Naomi Rea ShareShare This Article
British Museum director Hartwig Fischer is facing international backlash after defending an English nobleman’s removal of sculptures from the Parthenon in the early 1800s as a “creative act,” and reiterated that the museum’s trustees would not support repatriating them to Athens.
In a recent interview with the Greek daily newspaper Ta Nea, Fischer said that when museums offer a new context to engage with cultural heritage they are being creative. “When you move cultural heritage into a museum, you move it out of context. Yet that displacement is also a creative act,” Fischer said.
The museum director’s comments have already sparked rebuke. “The imperialist patronage of the British Museum has no limits,” George Vardas, secretary of the international association for the reunifications of the Parthenon sculptures, told the Greek paper. Vardas said that Fischer’s comments came from a place of “amazing historical revisionism and arrogance.”
“What is the creative cause of the destruction of the temple and the plundering of the keys of the ancient history of a nation?” he asked.

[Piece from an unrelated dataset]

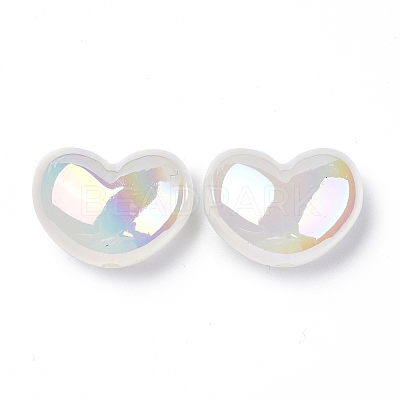 UV Plating Rainbow Iridescent Acrylic Beads X-OACR-H015-02-1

Originally made by the fifth-century sculptor Phidias, the classical sculptures were later integrated into the Parthenon and other structures on the Acropolis. Some refer to the collection in London as the Elgin Marbles, after the British aristocrat Lord Elgin who removed them.
Fischer said that the sculptures “tell different stories” about the Parthenon, which at various times was a temple of Athena, a Christian church, and a mosque. It was rediscovered following years of neglect after a bombing in 1687. “The rediscovery is obviously part of European history,” Fischer said, adding that the museum shows the sculptures in a context of world cultures.
“Since the beginning of the 19th century, the monument’s history is enriched by the fact that some [parts of it] are in Athens and some are in London where six million people see them every year,” Fischer argued.
He also said that the sculptures were no more made for the Acropolis Museum, an archaeological museum in Athens opposite the Parthenon, than they were for the British Museum, neither being their “original context.”
Although Greeks have been petitioning for the marbles’ return since 1832, and opinion polls have found that the British public is largely in favor of reuniting the sculptures in Athens, there are no active talks between the museum and Greek officials. Fischer also said that while the museum does engage in long-term loans, “there are no indefinite loans.”
The current #BritishMuseum director invokes revisionist history and discredited museological principles as the British Museum rules out loaning #Parthenon Marbles to #Greece, instead insisting that they belong in London. https://t.co/2wHwBeEiv3
— George Vardas (@VardasGeorge) January 27, 2019
Fischer added that the government would have to rewrite laws in order to return the sculptures because their legal owners are the British Museum’s trustees, who had the responsibility of preserving the museum’s collections for future generations conferred on them by the British Parliament.
The leader of the UK’s Labour Party, Jeremy Corbyn, pledged to oversee their return and said that if he were prime minister he would ensure their repatriation. But Fischer disregarded Corbyn’s statement as his “personal view,” which is not in line with the opinions of the museum’s trustees.